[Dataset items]
# # #

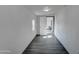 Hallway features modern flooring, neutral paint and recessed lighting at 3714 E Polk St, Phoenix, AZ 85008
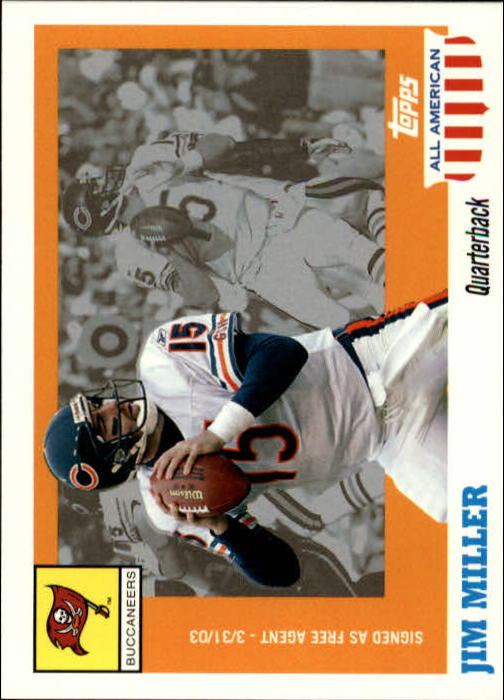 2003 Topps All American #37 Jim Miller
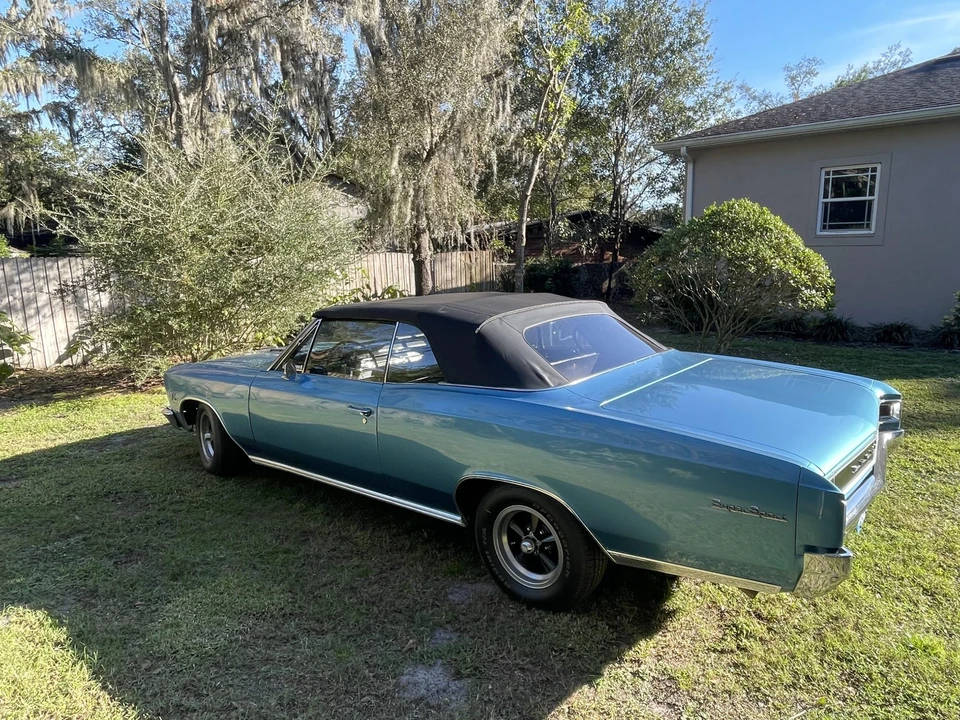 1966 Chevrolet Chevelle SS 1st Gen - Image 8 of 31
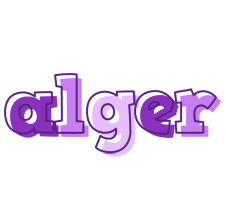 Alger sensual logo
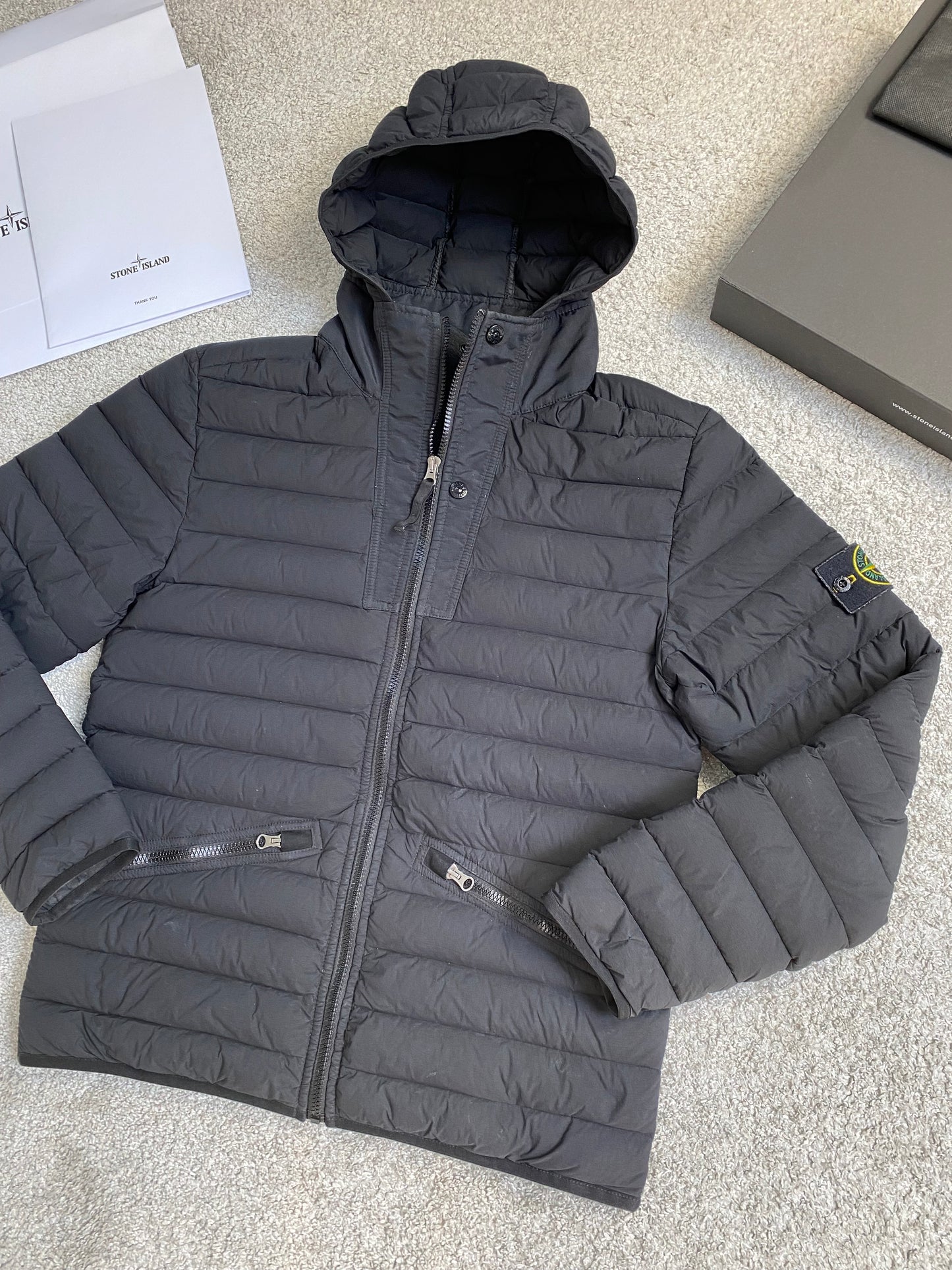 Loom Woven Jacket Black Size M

# # #

▶ _DIRECTIONS_
Return the data exactly as it stands, minus the pictures.

▶ _RESULT FOR THIS EXERCISE_
 Hallway features modern flooring, neutral paint and recessed lighting at 3714 E Polk St, Phoenix, AZ 85008
 2003 Topps All American #37 Jim Miller
 1966 Chevrolet Chevelle SS 1st Gen - Image 8 of 31
 Alger sensual logo
 Loom Woven Jacket Black Size M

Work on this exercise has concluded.